How about fudging it by changing the car price to something that gives the correct answer?
I used to deal with a case like this and sent in paper forms with the full amounts crossed out and 50% written in large figures. I also sent a covering letter but each year I would phone up as they inevitably taxed them on 100% each.
@ CWservices 6064 (OP).
(1) Your original question:-
“Is it acceptable to amend the days available (as show on the P11D) to arrive at the apportioned benefit?”
(2) Your post at 13.48:-
“My thoughts were a workaround involving adjustments to the days available in the software to arrive at the correct charge for each individual but I wondered if this could have unforeseen consequences.”
Unless I am missing something, amending the days available is simply the CORRECT method for completing the forms. The underlying principle is that each of two directors is granted availability of the car for “one day out of two”, ie for 182.5 (183 in a leap year) days. Hence, the only element of “workaround” is that, for simplicity, one would assume (as theoretically could be the case) that the car is made available to the Husband for the first 182/183 days and is then made available to the Wife for the last 183 days.

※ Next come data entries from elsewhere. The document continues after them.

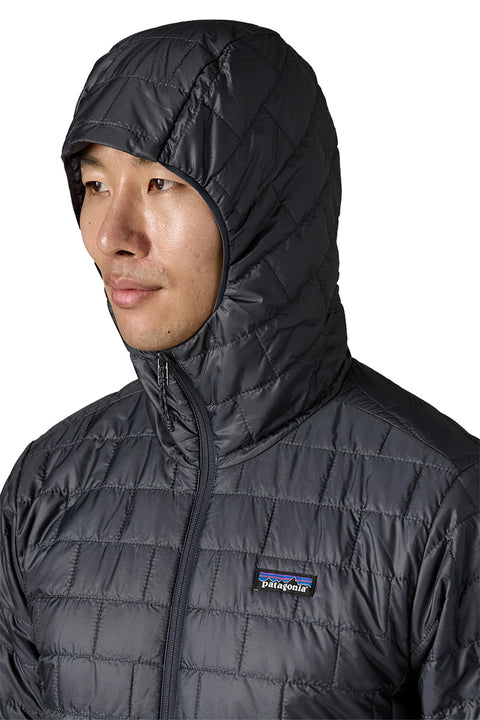 Patagonia Men's Nano Puff Hoody - Smolder Blue - Hood Up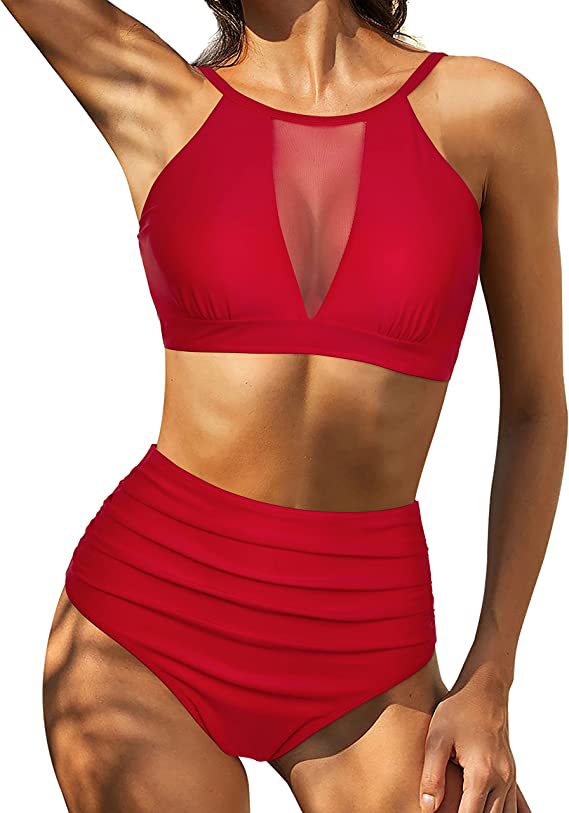 Women’s Bikini Set – High Waist – Lace-Up Top – Hollow Out – Ruched – Breathable Blend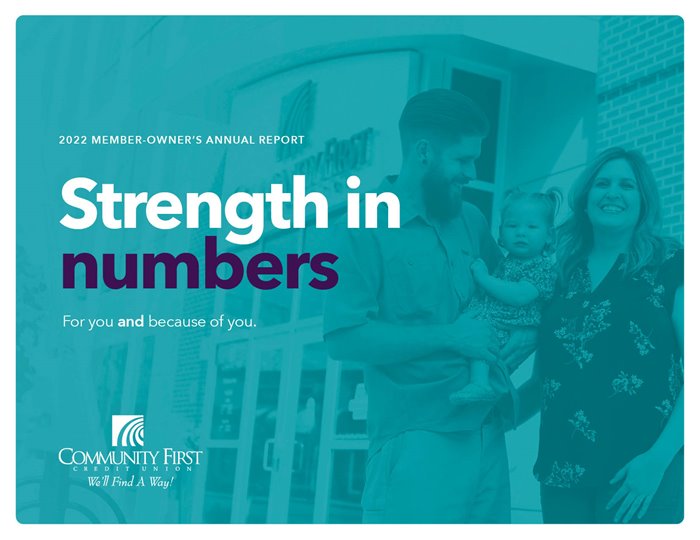 Teal image showing young family, text states 2022 Member-Owner's Annual Report - Strength in numbers. For you and because of you.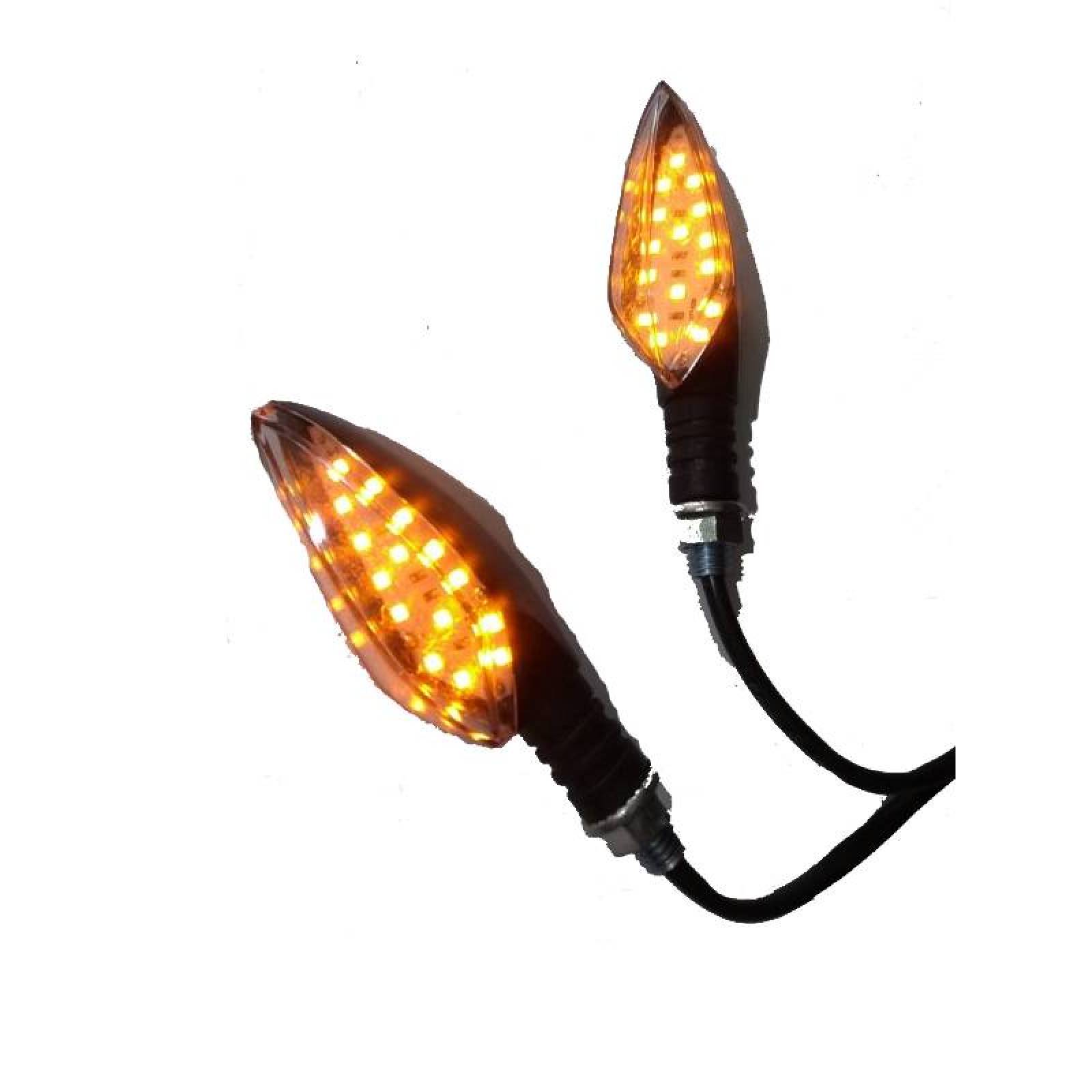 DIRECCIONAL PARA MOTO LUZ LED AMBAR HOJA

Since the “end product” is benefit figures which comply with the “just and reasonable” apportionment concept required by HMRC, then there should be NO “unforeseen consequences”.
It is most certainly “acceptable” to “amend the days available”.
If you are nervous at the possibility of subsequent challenge by HMRC, then a simple letter to them (dated on or after the date of submission of the P11D forms), advising them of the methodology adopted, will cover you/your clients.
Basil.
We're a long way off computers being smart.
They still do as humans tell them - no matter how stupid that might be.
Good point - a world where computers don't do what they're told could be even scarier. But it still feels like I'm the one having to meet their requirements, not that they try to meet mine. I can't even turn this one on unless I type the right characters in the right order at the right time….:-p
By way of an update I have spoken to a HMRC technical officer who said that manual P11Ds must be prepared with a covering letter explaining why a % of the total benefit has been allocated to each employee. If the car was shared throughout the year then the 'Dates car was available' should be left blank on each P11D.
What a waste of time and highlights the constraints of software.
Just as I said but be aware that they will put the full 100% in their tax codes and not 50%.